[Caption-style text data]
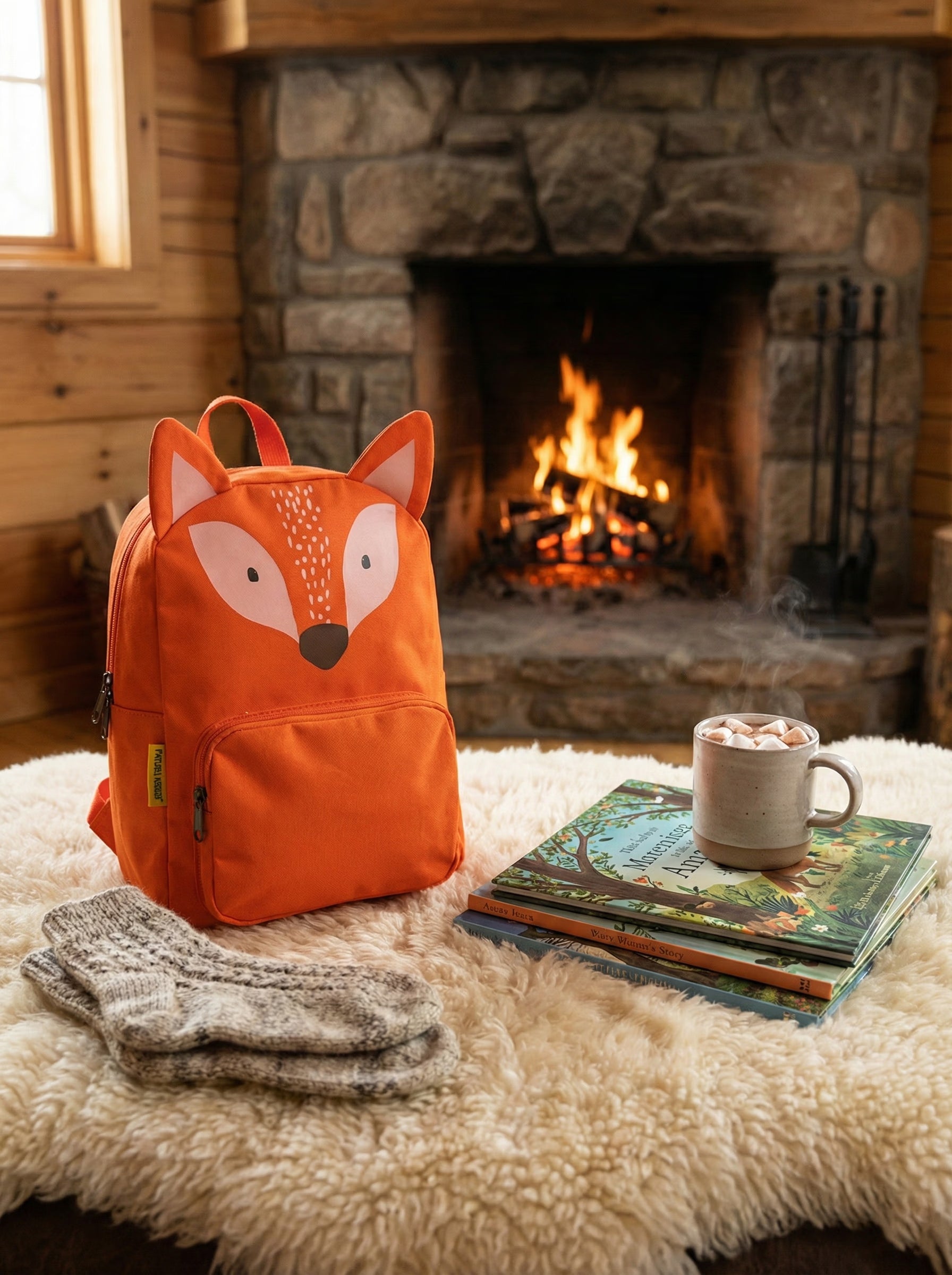 Детска раница Лисица Wonder Fox оранжева пред камина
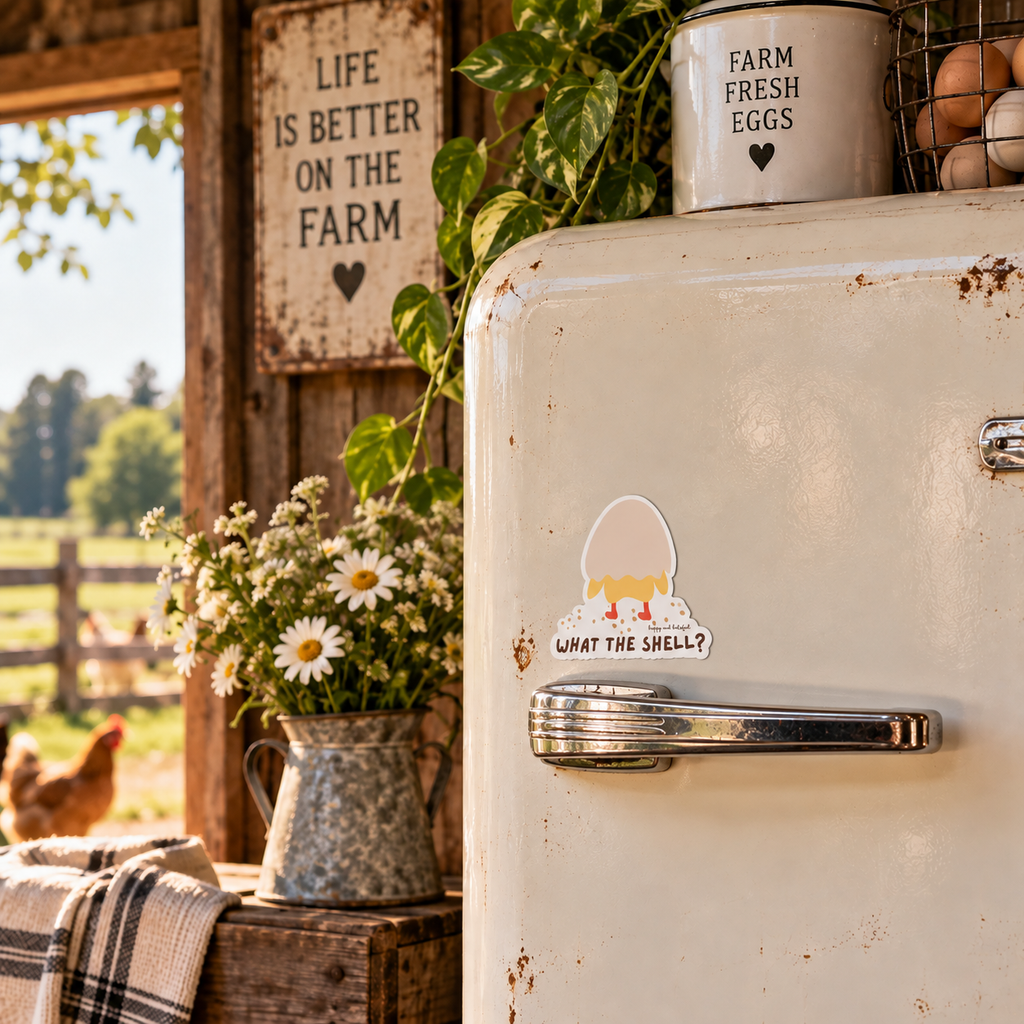 A small die-cut sticker featuring a cartoon eggshell cracking open to reveal the bottom half of a chicken, with the text 'WHAT THE SHELL?' applied to the handle of a vintage cream-colored refrigerator in a rustic farm-themed setting.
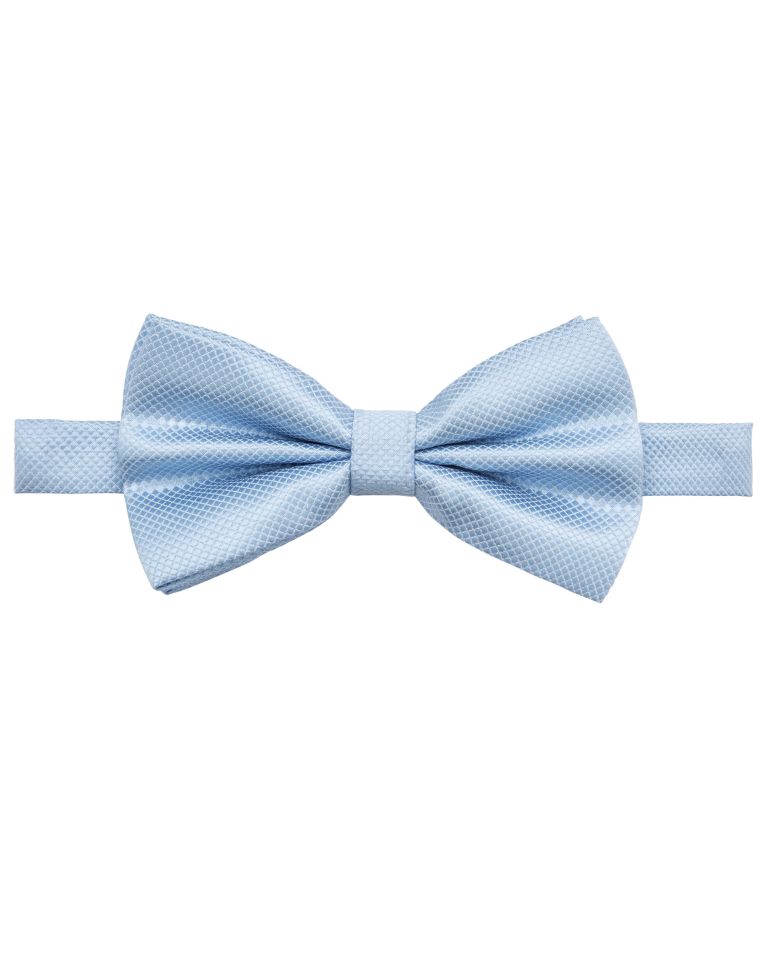 Angelo Rossi Baby Blue Quilted Satin Bow Tie & Pocket Square Set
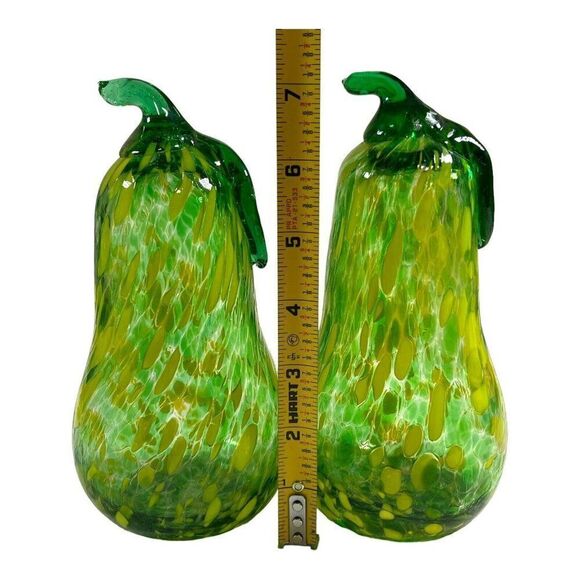 Pair Glass Pears Set Of 2 Hand Blown Mottled Green Yellow Art Glass Fruit 7” - Picture 4 of 4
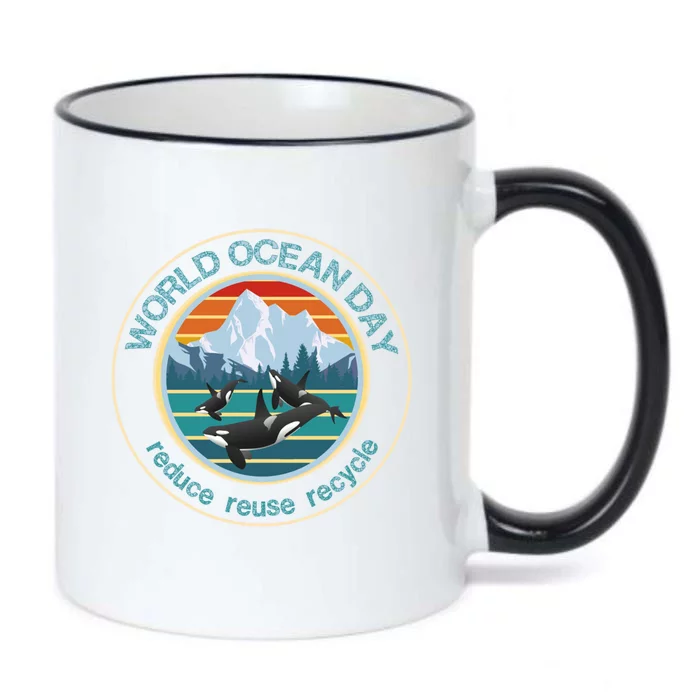 World Ocean Day Reduce Reuse Recycle Gift Black Color Changing Mug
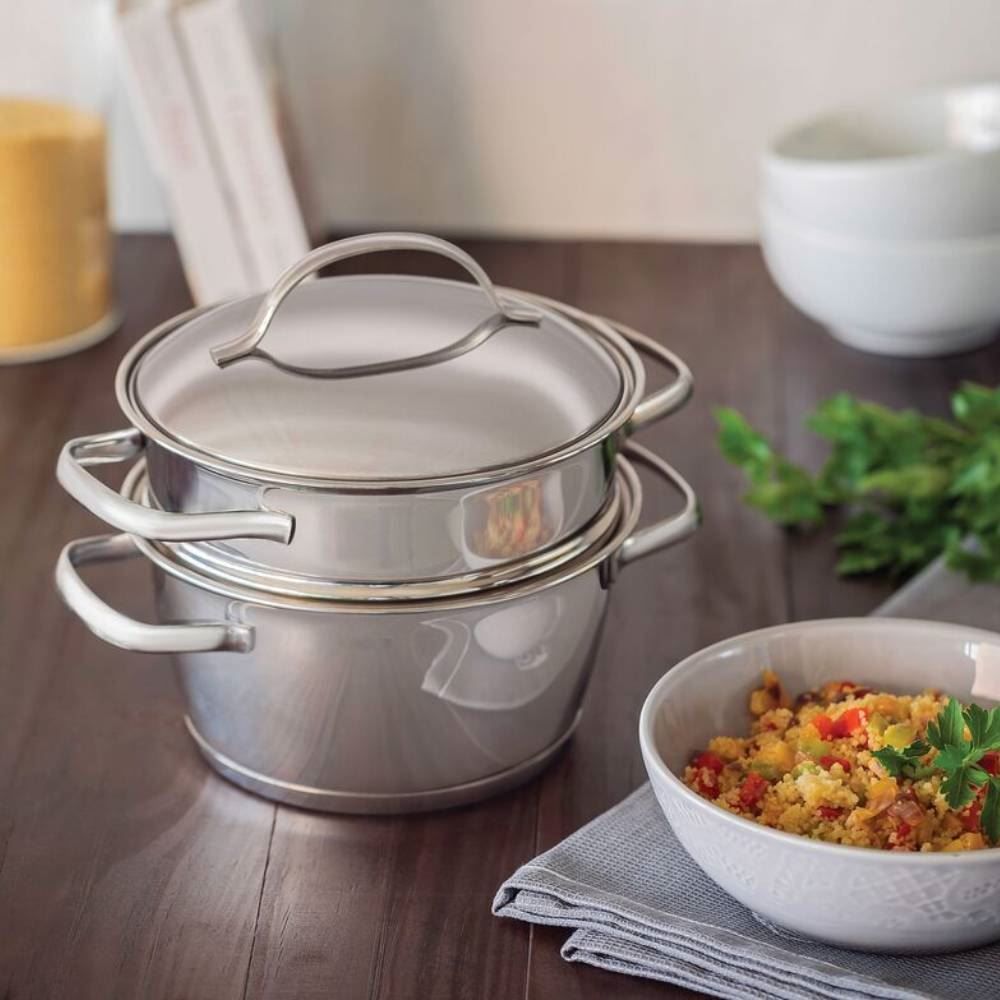 Cuscuzeira Allegra Tramontina Aço Inox - 2 Peças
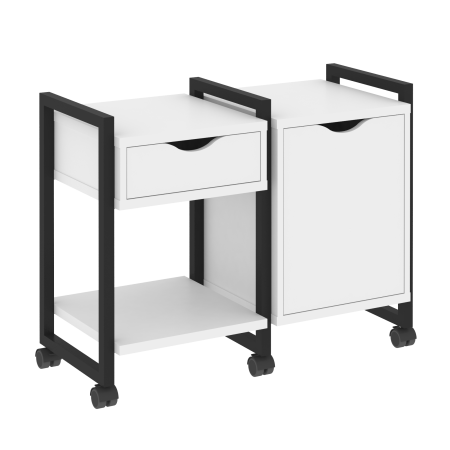 Тумба на колесных опорах наборная VR.L-TN-3.K 970x460x767 (Белый Бриллиант/Черный металл)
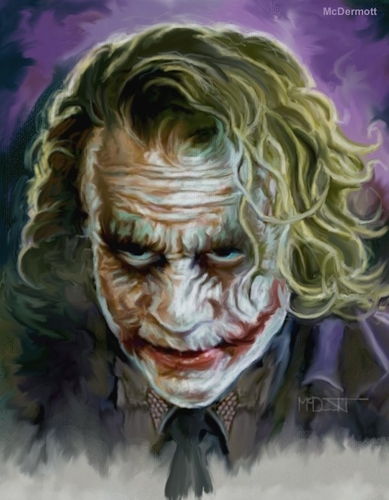 Cartoon: Heath Ledger as the Joker (medium) by McDermott tagged comicbooks,action,movies,batman,joker,heathledger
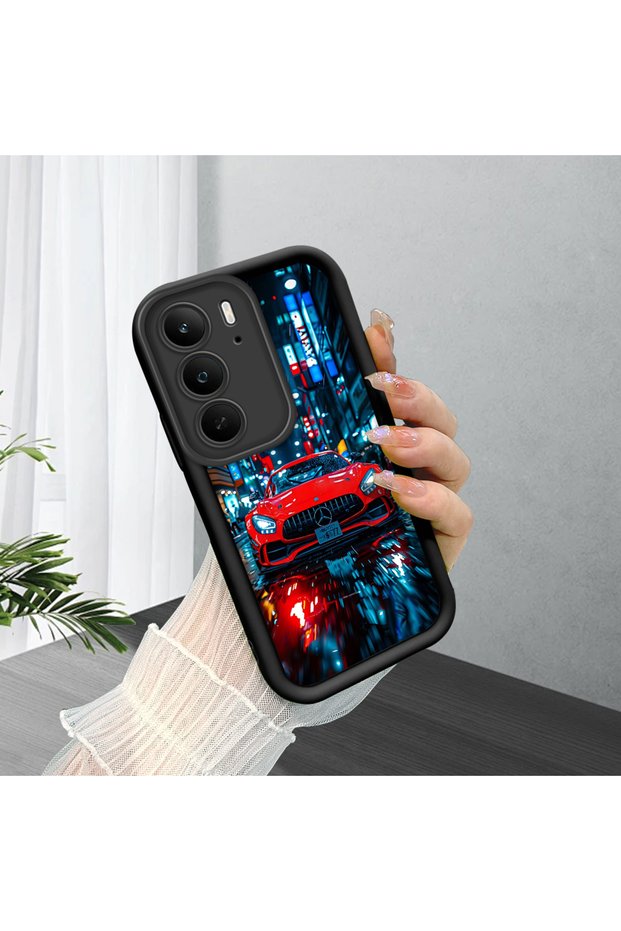 Realme C75 4g Compatible Fast Car Aesthetic Silicone Cover, Modern Style, Stylish for Everyday Use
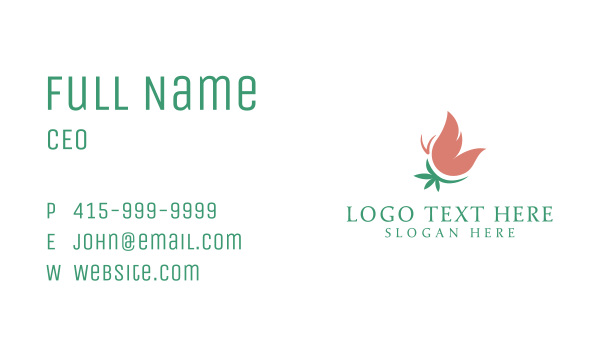 Butterfly Organic Herbal Business Card Design Image Preview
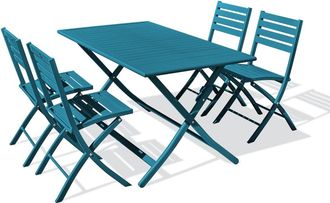 DCB Garden Conjunto de comedor de jardín 4 plazas de aluminio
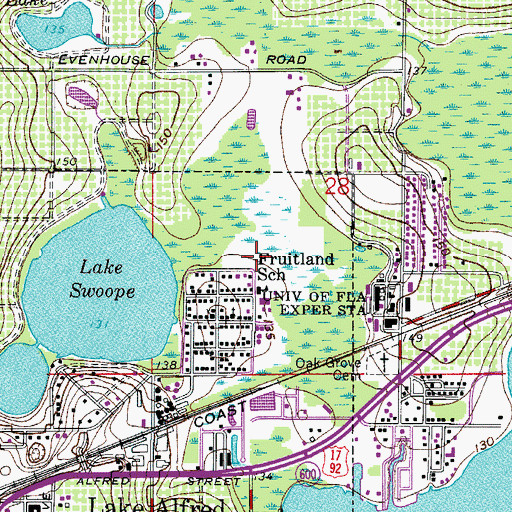 Topographic Map of Fruitland School, FL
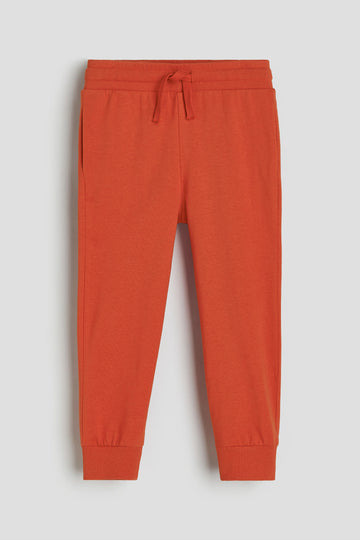 Boy's Cotton Fabric Joggers | Orange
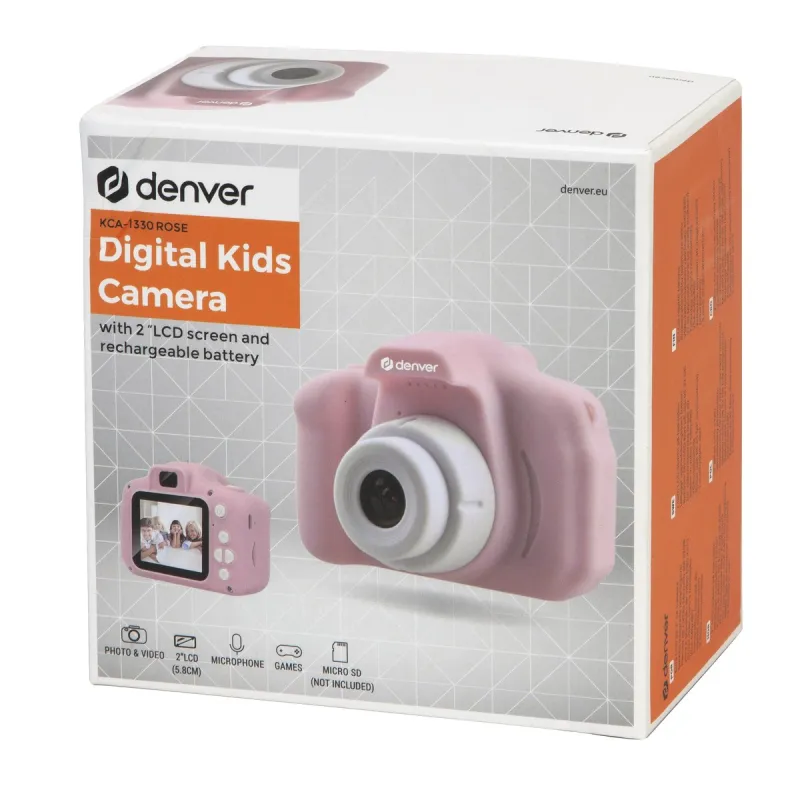 Denver KCA-1330 MK2 Rosa Kinder-Digitalkamera 2-Zoll-LCD-Bildschirm, 400-mAh-Akku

▸ Instructions to follow:
Output exactly the lines from the first line of the records through the line containing "Boy's Cotton Fabric Joggers | Orange". Leave out every picture.

▸ Written reply:
 Детска раница Лисица Wonder Fox оранжева пред камина
 A small die-cut sticker featuring a cartoon eggshell cracking open to reveal the bottom half of a chicken, with the text 'WHAT THE SHELL?' applied to the handle of a vintage cream-colored refrigerator in a rustic farm-themed setting.
 Angelo Rossi Baby Blue Quilted Satin Bow Tie & Pocket Square Set
 Pair Glass Pears Set Of 2 Hand Blown Mottled Green Yellow Art Glass Fruit 7” - Picture 4 of 4
 World Ocean Day Reduce Reuse Recycle Gift Black Color Changing Mug
 Cuscuzeira Allegra Tramontina Aço Inox - 2 Peças
 Тумба на колесных опорах наборная VR.L-TN-3.K 970x460x767 (Белый Бриллиант/Черный металл)
 Cartoon: Heath Ledger as the Joker (medium) by McDermott tagged comicbooks,action,movies,batman,joker,heathledger
 Realme C75 4g Compatible Fast Car Aesthetic Silicone Cover, Modern Style, Stylish for Everyday Use
 Butterfly Organic Herbal Business Card Design Image Preview
 DCB Garden Conjunto de comedor de jardín 4 plazas de aluminio
 Topographic Map of Fruitland School, FL
 Boy's Cotton Fabric Joggers | Orange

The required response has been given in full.